Campbell served as the State Department’s top Asia diplomat from 2009 to 2013. During his time at the State Department, Campbell made frequent visits to Asian allies and led Washington’s reshuffling of resources to focus on the Indo-Pacific, known as the Asia “pivot.”
After leaving the Obama administration, Campbell founded the Asia Group, a strategy firm that advises companies doing business in Asian markets. Campbell also sits on the board of directors of the Center for a New American Security (CNAS), a hawkish think tank he co-founded with Michele Flournoy in 2007.

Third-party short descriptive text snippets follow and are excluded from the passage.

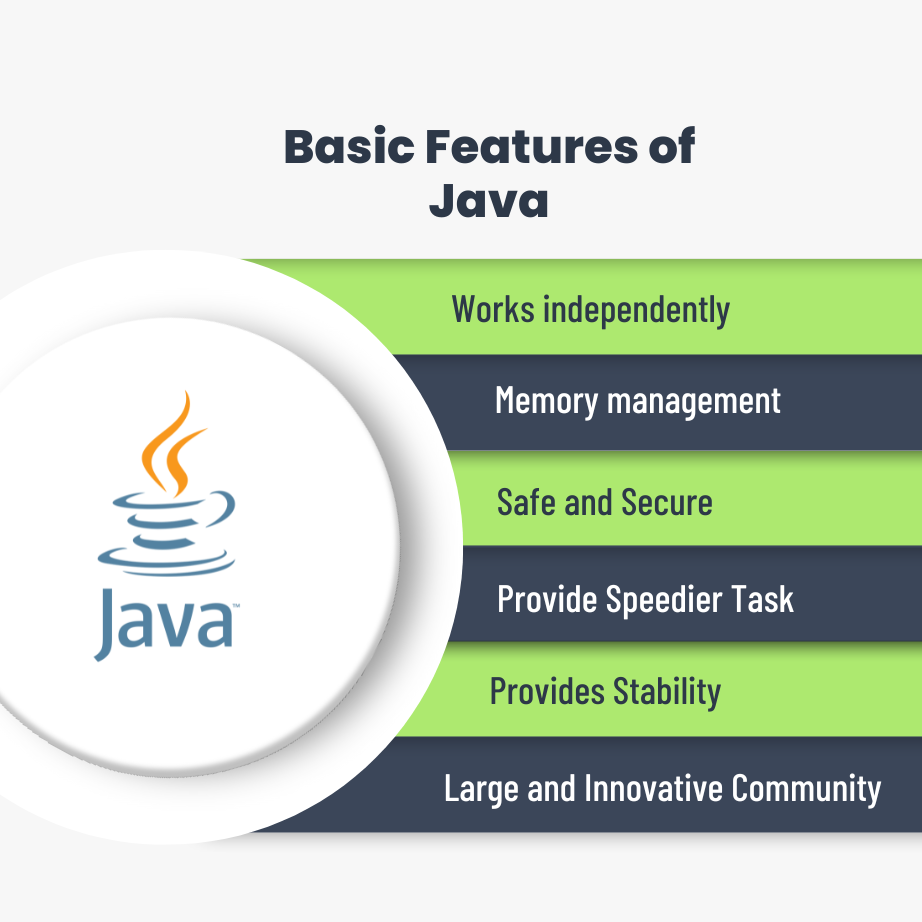 Basic Features of Java
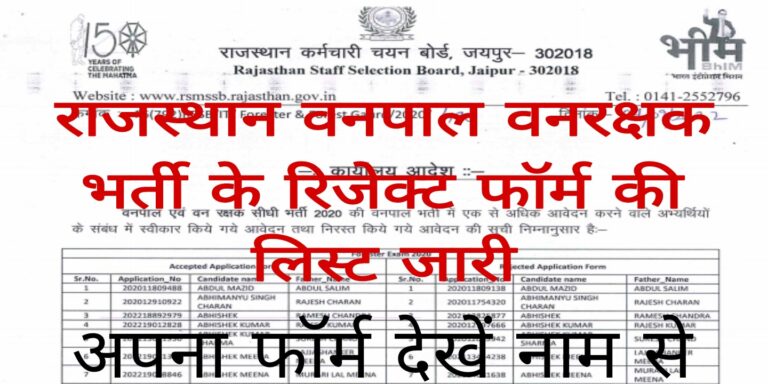 Rajasthan Forest Guard Or Forester Rejected Form Last 2022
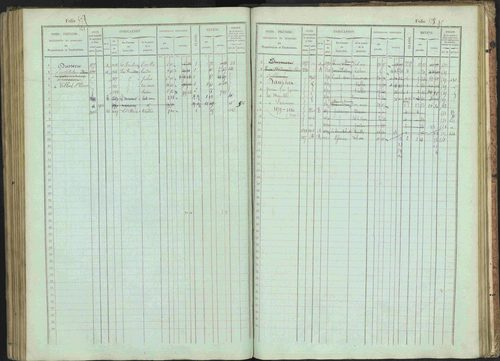 Bénévent-et-Charbillac - 3 P 261/1 - 3 P 261/1 - Matrice, folios 1-648. 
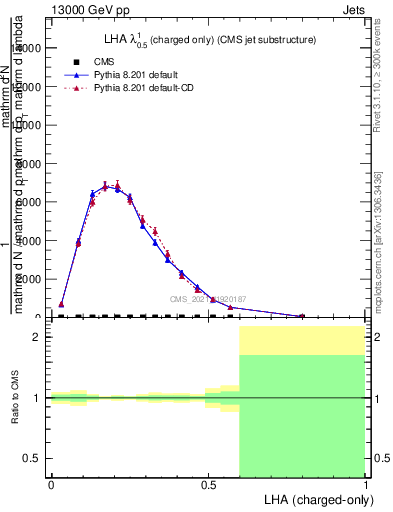 Plot of j.lha.c in 13000 GeV pp collisions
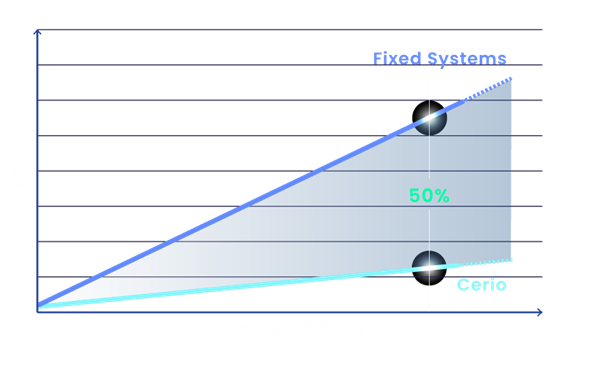 GPU_usage_transparent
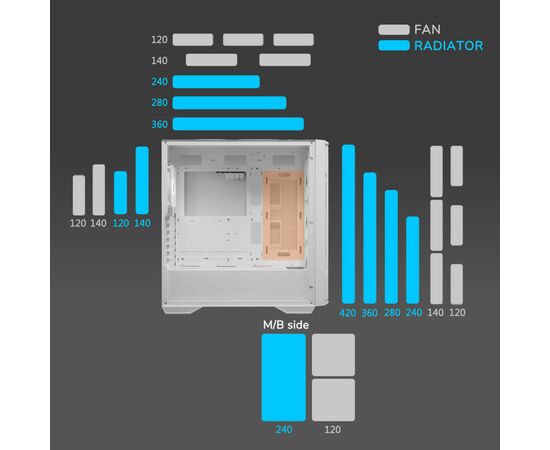 Корпус Cougar UNIFACE White, изображение 11 Корпус Cougar UNIFACE White, изображение 11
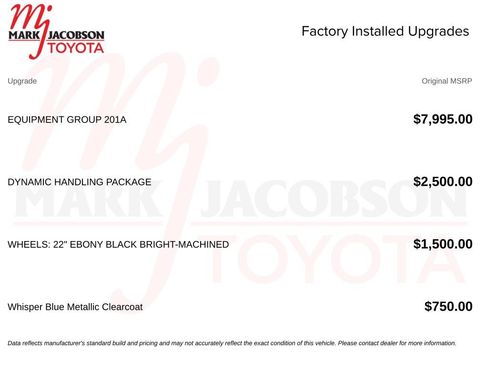Used 2025 Lincoln Aviator Reserve w/ Equipment Group 201A AWD/4WD image 5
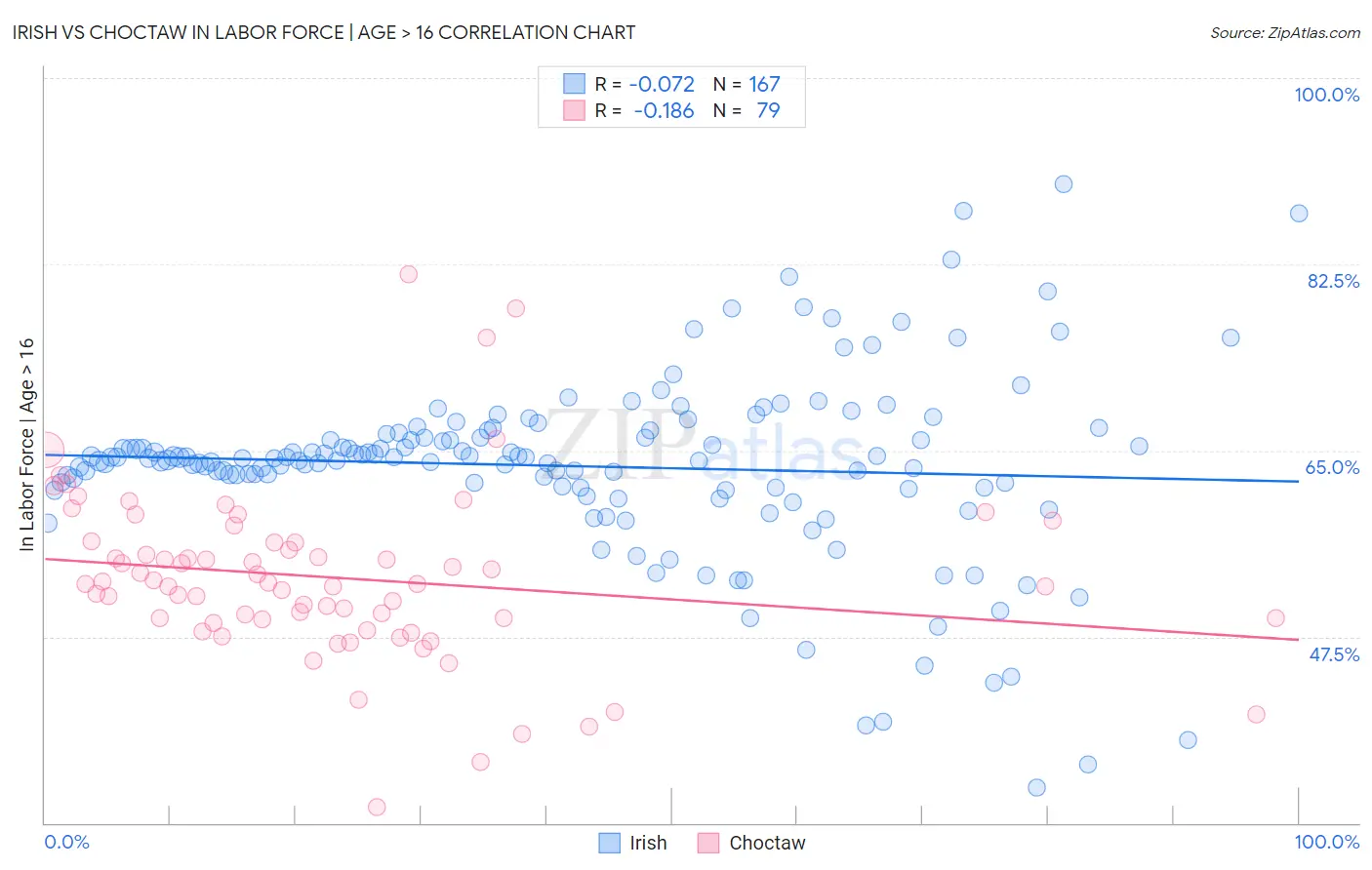 Irish vs Choctaw In Labor Force | Age > 16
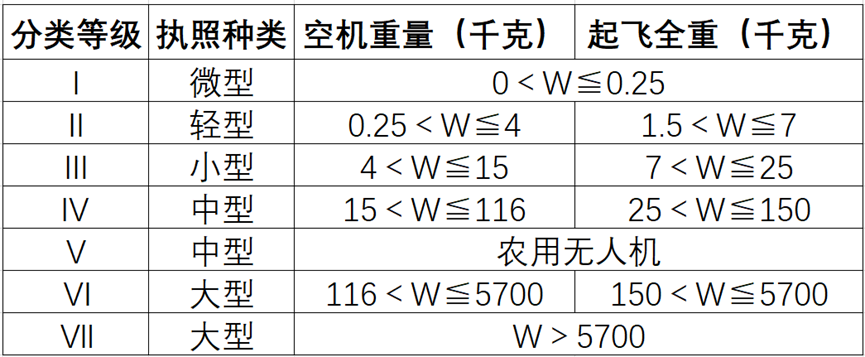 【行业资讯】无人机飞手一定要知道的无人机法律法规！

Campbell is the former CEO of CNAS. The think tank advocates for US intervention around the globe and is funded by US weapons makers, major corporations, and various governments.
This week, Campbell co-authored a column for Foreign Affairs titled, “How America Can Shore Up Asian Order.” The article calls for the US to deter “Chinese adventurism.” The authors argue that the US should move away from expensive and vulnerable military equipment like aircraft carriers and focus more on smaller, inexpensive options.
“This means investing in long-range conventional cruise and ballistic missiles, unmanned carrier-based strike aircraft and underwater vehicles, guided-missile submarines, and high-speed strike weapons,” the piece reads.
The piece calls for the US to work with states in the Indo-Pacific to better allocate resources across the region: “Although Washington should maintain its forward presence, it also needs to work with other states to disperse US forces across Southeast Asia and the Indian Ocean.”
The Trump administration has accelerated the Asia “pivot” and laid the groundwork for Campbell and the Biden administration to form stronger security alliances in the region.